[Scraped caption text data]
<<<<
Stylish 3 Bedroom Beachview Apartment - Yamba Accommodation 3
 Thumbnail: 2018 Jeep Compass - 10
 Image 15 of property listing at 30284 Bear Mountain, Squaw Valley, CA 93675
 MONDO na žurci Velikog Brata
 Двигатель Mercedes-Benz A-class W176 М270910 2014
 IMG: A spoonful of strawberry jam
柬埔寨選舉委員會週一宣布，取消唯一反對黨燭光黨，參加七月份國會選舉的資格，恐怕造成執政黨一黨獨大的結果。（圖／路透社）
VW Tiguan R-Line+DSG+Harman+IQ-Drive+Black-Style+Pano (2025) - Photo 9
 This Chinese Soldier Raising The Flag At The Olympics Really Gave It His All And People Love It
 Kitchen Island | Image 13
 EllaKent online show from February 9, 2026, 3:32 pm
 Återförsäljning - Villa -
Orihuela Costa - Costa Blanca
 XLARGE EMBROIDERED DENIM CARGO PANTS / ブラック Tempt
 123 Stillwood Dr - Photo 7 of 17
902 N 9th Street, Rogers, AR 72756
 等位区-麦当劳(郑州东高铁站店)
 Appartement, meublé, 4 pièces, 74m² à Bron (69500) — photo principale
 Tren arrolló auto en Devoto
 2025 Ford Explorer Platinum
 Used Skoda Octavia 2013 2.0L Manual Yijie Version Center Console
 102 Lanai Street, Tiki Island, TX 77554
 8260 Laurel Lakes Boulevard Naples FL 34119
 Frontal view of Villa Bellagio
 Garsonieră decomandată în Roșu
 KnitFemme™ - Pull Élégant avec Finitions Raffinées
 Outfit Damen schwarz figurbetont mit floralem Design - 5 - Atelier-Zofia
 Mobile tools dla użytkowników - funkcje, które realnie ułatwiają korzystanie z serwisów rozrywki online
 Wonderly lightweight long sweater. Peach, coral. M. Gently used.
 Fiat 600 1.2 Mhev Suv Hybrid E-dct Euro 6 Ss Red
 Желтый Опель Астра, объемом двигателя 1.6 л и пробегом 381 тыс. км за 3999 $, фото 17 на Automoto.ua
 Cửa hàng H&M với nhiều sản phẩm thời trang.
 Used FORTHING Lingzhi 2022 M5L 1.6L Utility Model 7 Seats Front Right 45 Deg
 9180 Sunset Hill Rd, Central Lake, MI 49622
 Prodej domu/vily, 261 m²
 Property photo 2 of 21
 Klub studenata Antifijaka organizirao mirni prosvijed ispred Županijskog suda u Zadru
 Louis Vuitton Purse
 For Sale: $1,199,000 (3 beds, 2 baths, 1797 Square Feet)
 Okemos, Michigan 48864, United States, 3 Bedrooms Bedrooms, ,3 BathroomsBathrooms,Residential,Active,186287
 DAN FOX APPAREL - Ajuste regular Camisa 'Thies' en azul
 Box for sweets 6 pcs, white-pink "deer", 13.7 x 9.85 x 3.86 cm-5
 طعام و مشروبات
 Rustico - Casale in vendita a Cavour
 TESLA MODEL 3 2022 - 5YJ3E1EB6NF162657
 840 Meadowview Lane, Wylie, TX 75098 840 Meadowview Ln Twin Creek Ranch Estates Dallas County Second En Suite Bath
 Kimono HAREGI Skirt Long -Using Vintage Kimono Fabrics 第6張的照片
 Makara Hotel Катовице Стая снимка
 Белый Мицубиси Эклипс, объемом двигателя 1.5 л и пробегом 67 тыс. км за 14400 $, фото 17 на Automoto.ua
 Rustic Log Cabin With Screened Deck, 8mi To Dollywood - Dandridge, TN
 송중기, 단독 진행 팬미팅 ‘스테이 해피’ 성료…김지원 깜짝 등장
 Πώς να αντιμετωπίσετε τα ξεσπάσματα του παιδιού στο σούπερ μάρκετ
>>>>
-- PROBLEM DESCRIPTION --
All lines from the one containing "Mobile tools dla" to the last line above should be reproduced exactly, and no other lines should be given.

-- EXPECTED OUTPUT --
 Mobile tools dla użytkowników - funkcje, które realnie ułatwiają korzystanie z serwisów rozrywki online
 Wonderly lightweight long sweater. Peach, coral. M. Gently used.
 Fiat 600 1.2 Mhev Suv Hybrid E-dct Euro 6 Ss Red
 Желтый Опель Астра, объемом двигателя 1.6 л и пробегом 381 тыс. км за 3999 $, фото 17 на Automoto.ua
 Cửa hàng H&M với nhiều sản phẩm thời trang.
 Used FORTHING Lingzhi 2022 M5L 1.6L Utility Model 7 Seats Front Right 45 Deg
 9180 Sunset Hill Rd, Central Lake, MI 49622
 Prodej domu/vily, 261 m²
 Property photo 2 of 21
 Klub studenata Antifijaka organizirao mirni prosvijed ispred Županijskog suda u Zadru
 Louis Vuitton Purse
 For Sale: $1,199,000 (3 beds, 2 baths, 1797 Square Feet)
 Okemos, Michigan 48864, United States, 3 Bedrooms Bedrooms, ,3 BathroomsBathrooms,Residential,Active,186287
 DAN FOX APPAREL - Ajuste regular Camisa 'Thies' en azul
 Box for sweets 6 pcs, white-pink "deer", 13.7 x 9.85 x 3.86 cm-5
 طعام و مشروبات
 Rustico - Casale in vendita a Cavour
 TESLA MODEL 3 2022 - 5YJ3E1EB6NF162657
 840 Meadowview Lane, Wylie, TX 75098 840 Meadowview Ln Twin Creek Ranch Estates Dallas County Second En Suite Bath
 Kimono HAREGI Skirt Long -Using Vintage Kimono Fabrics 第6張的照片
 Makara Hotel Катовице Стая снимка
 Белый Мицубиси Эклипс, объемом двигателя 1.5 л и пробегом 67 тыс. км за 14400 $, фото 17 на Automoto.ua
 Rustic Log Cabin With Screened Deck, 8mi To Dollywood - Dandridge, TN
 송중기, 단독 진행 팬미팅 ‘스테이 해피’ 성료…김지원 깜짝 등장
 Πώς να αντιμετωπίσετε τα ξεσπάσματα του παιδιού στο σούπερ μάρκετ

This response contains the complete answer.